- About this exercise -
Would you write out every record that follows exactly, with the pictures left out?

Brief descriptive captions
------------------------
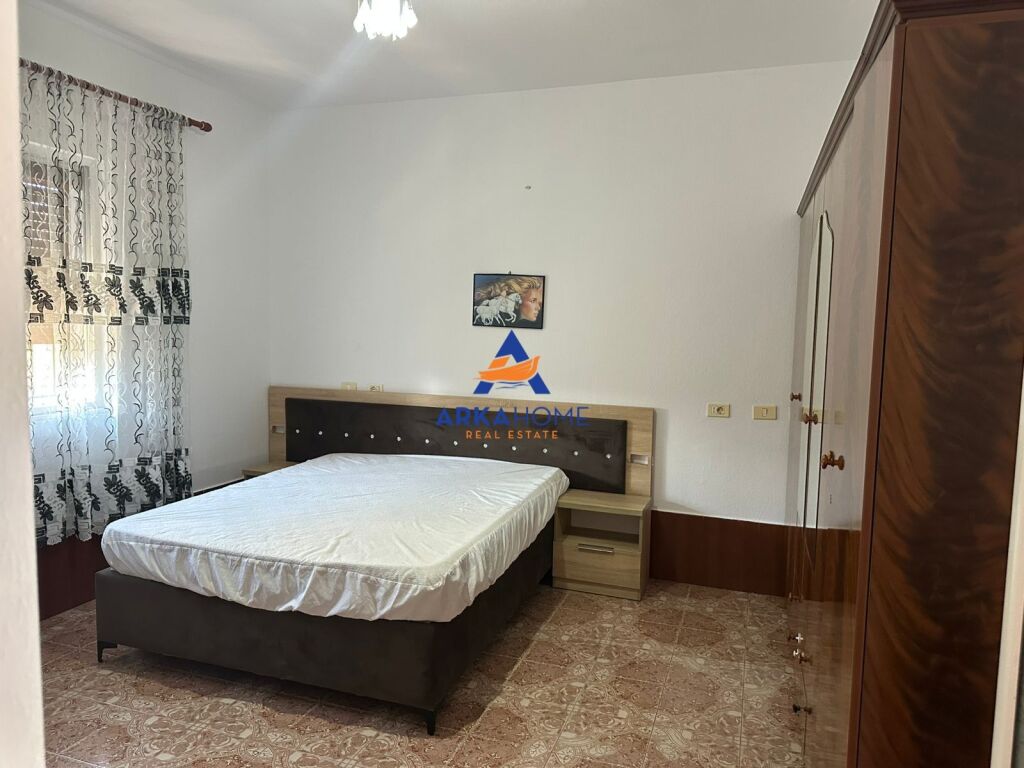 SI AFFITTA IL PRIMO PIANO DI UNA CASA PRIVATA 120 M2 "CASA ITALIA" 500 EURO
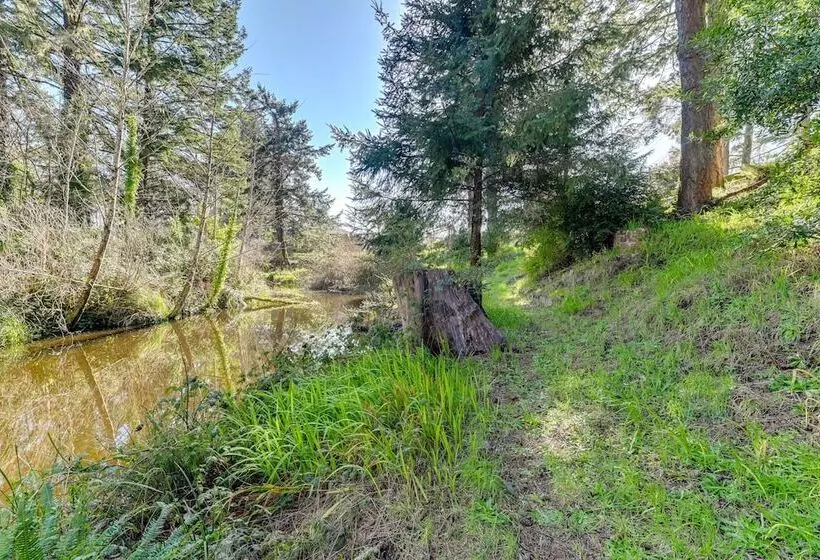 On Site Creek & Fishing: Cozy Coos Bay Retreat!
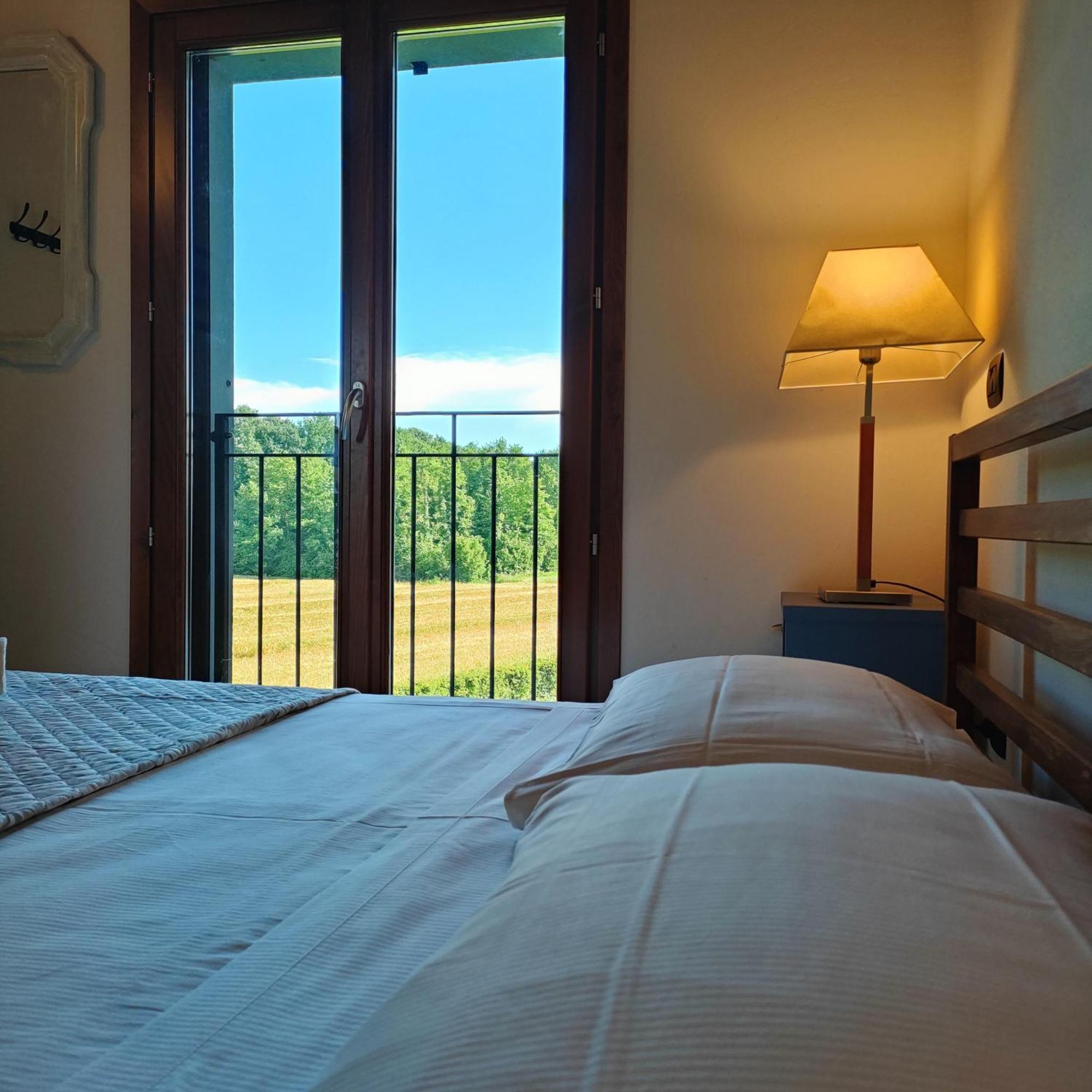 Agriturismo Borgo Del Mincio Volta Mantovana Bagian luar foto
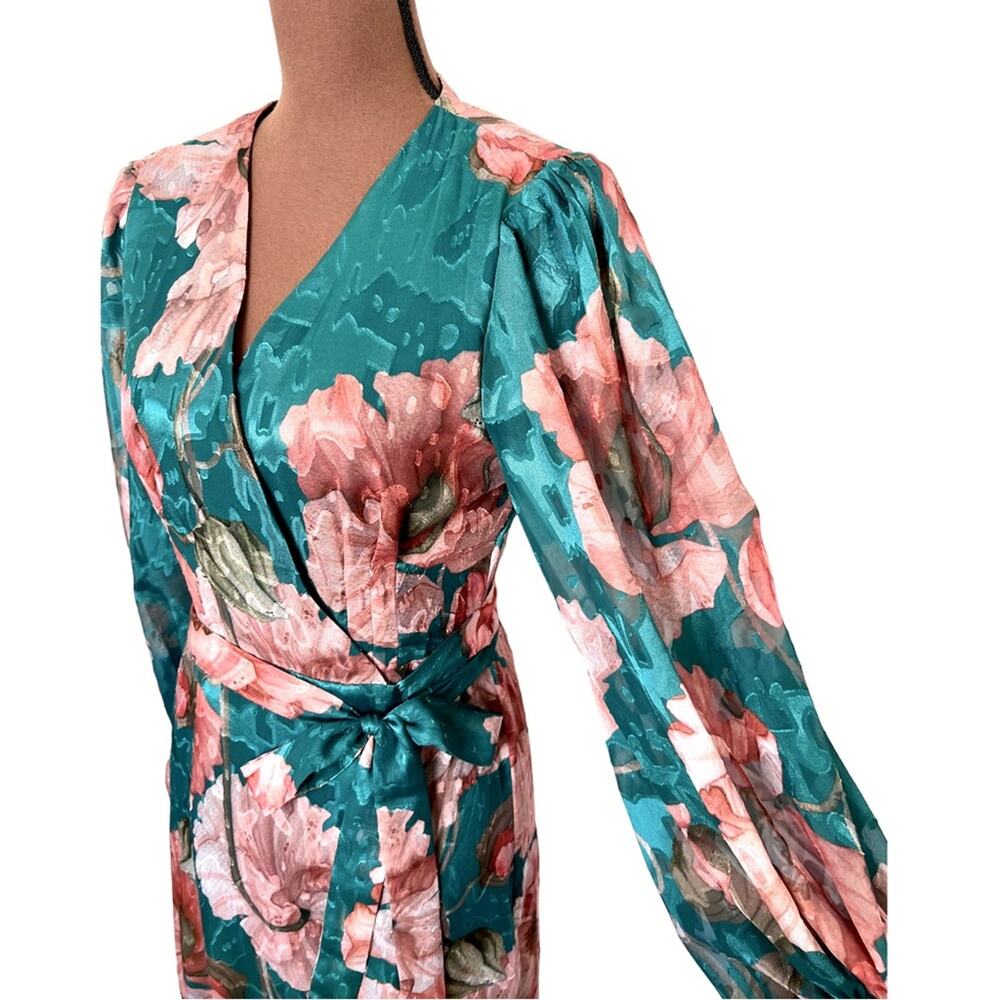 Hutch Lindie V-Neck Textured Wrap Dress NWT Size Small - Picture 10 of 13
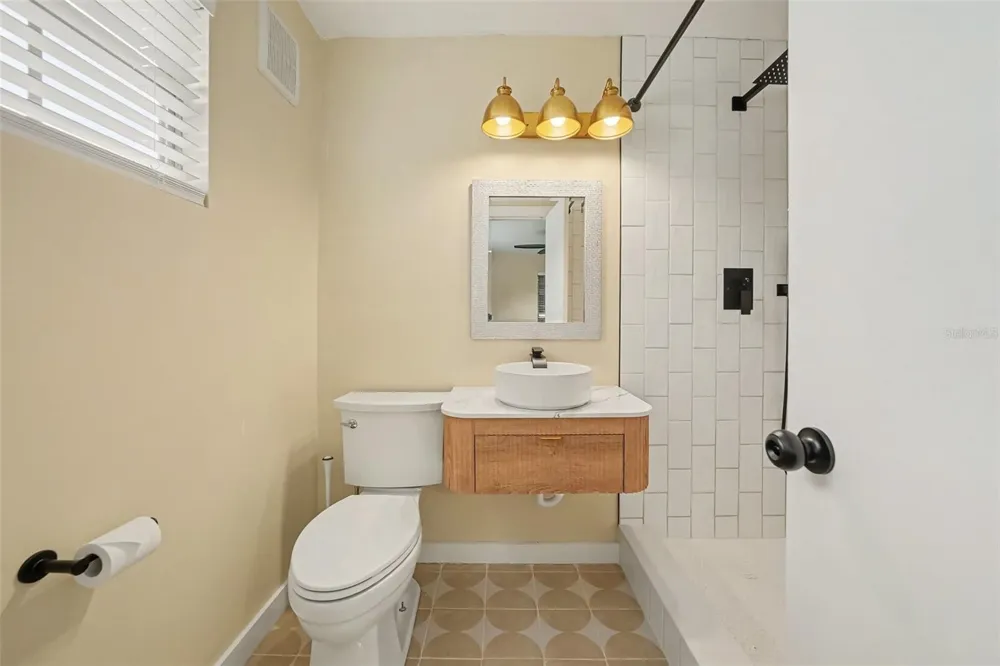 4733 W WISCONSIN AVENUE Tampa, FL 33616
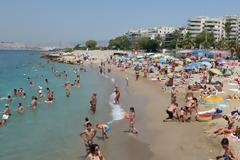 Οι κατάλληλες και ακατάλληλες για κολύμβηση παραλίες της Αττικής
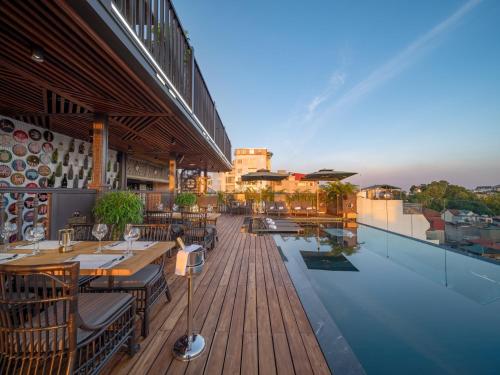 Tonkin Luxury Boutique Hotel & Spa - 숙소 외관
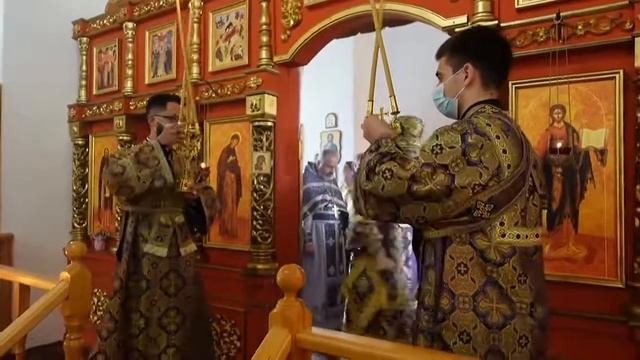 Крестовоздвижение  Митрополит Вениамин совершил Божественную Литургию в Загорье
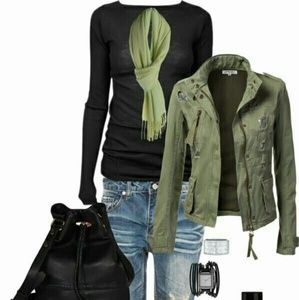 Light green John Hanly scarf from Ireland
------------------------
- Result for this exercise -
 SI AFFITTA IL PRIMO PIANO DI UNA CASA PRIVATA 120 M2 "CASA ITALIA" 500 EURO
 On Site Creek & Fishing: Cozy Coos Bay Retreat!
 Agriturismo Borgo Del Mincio Volta Mantovana Bagian luar foto
 Hutch Lindie V-Neck Textured Wrap Dress NWT Size Small - Picture 10 of 13
 4733 W WISCONSIN AVENUE Tampa, FL 33616
 Οι κατάλληλες και ακατάλληλες για κολύμβηση παραλίες της Αττικής
 Tonkin Luxury Boutique Hotel & Spa - 숙소 외관
 Крестовоздвижение  Митрополит Вениамин совершил Божественную Литургию в Загорье
 Light green John Hanly scarf from Ireland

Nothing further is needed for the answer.